TASK →
The reply is a verbatim copy of the listing below with its images dropped.

COLLECTED DATA →
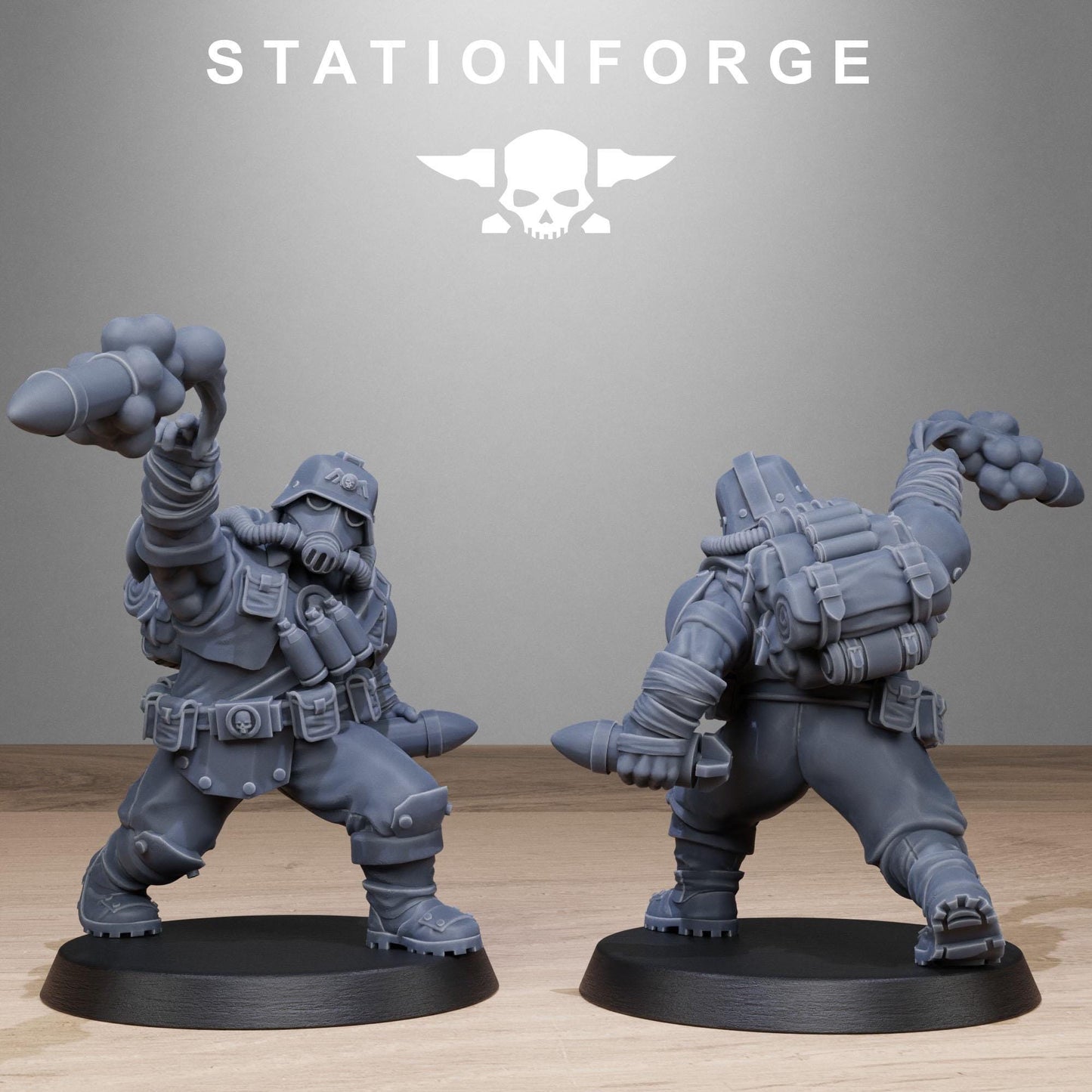 GrimGuard Jungle Fighter Mutants | Station Forge | Marines | Wargaming | Infantry | Soldiers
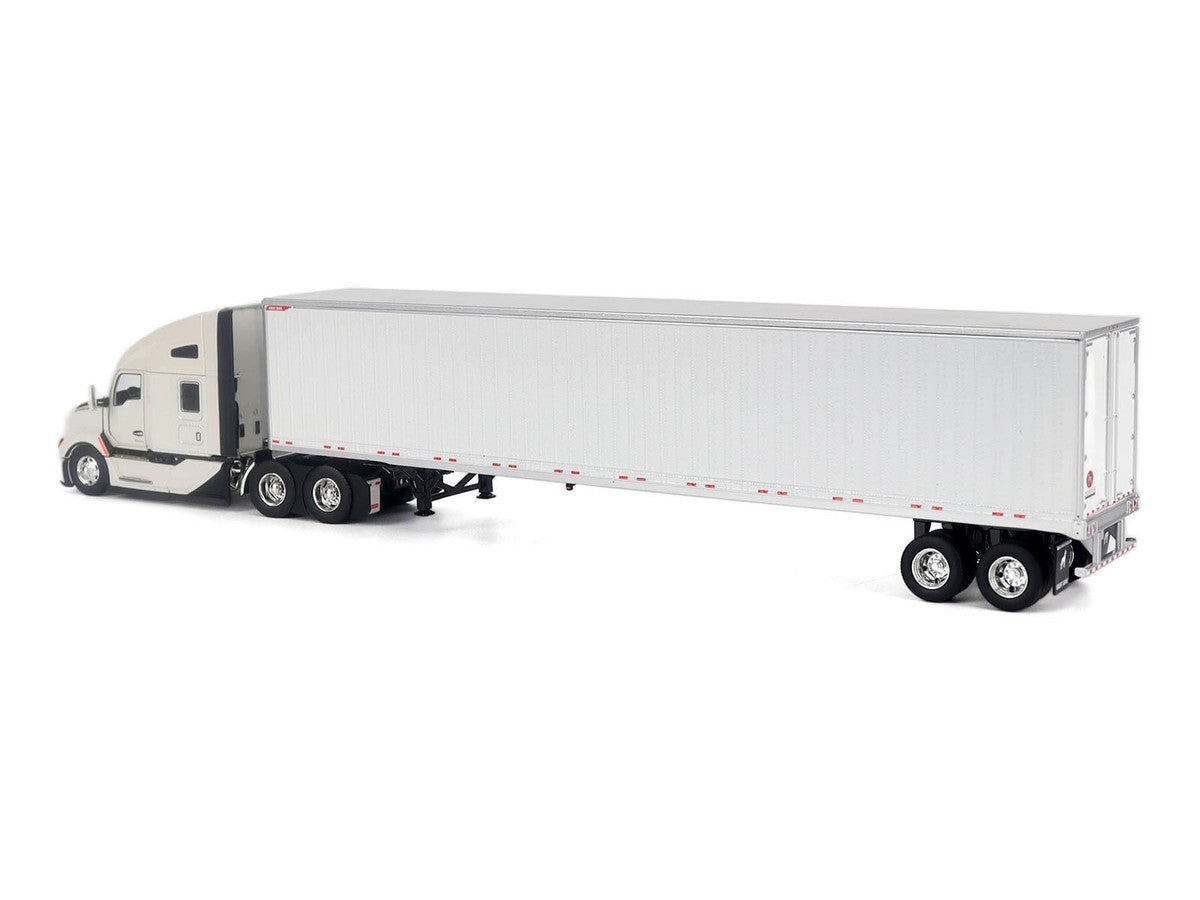Kenworth T680 Next-Gen 76" High-Roof Sleeper Tandem Tractor White with Great Dane Champion 53ft Dry Cargo Trailer "Transport Series" 1/50 Diecast Model by Diecast Masters Diecast Masters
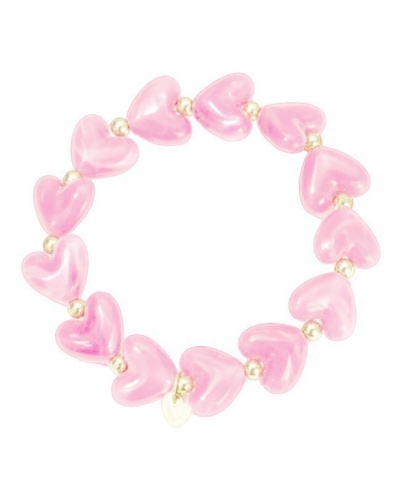 Gossip HARTJES ARMBAND LICHT ROZE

WORKED SOLUTION →
 GrimGuard Jungle Fighter Mutants | Station Forge | Marines | Wargaming | Infantry | Soldiers
Kenworth T680 Next-Gen 76" High-Roof Sleeper Tandem Tractor White with Great Dane Champion 53ft Dry Cargo Trailer "Transport Series" 1/50 Diecast Model by Diecast Masters Diecast Masters
 Gossip HARTJES ARMBAND LICHT ROZE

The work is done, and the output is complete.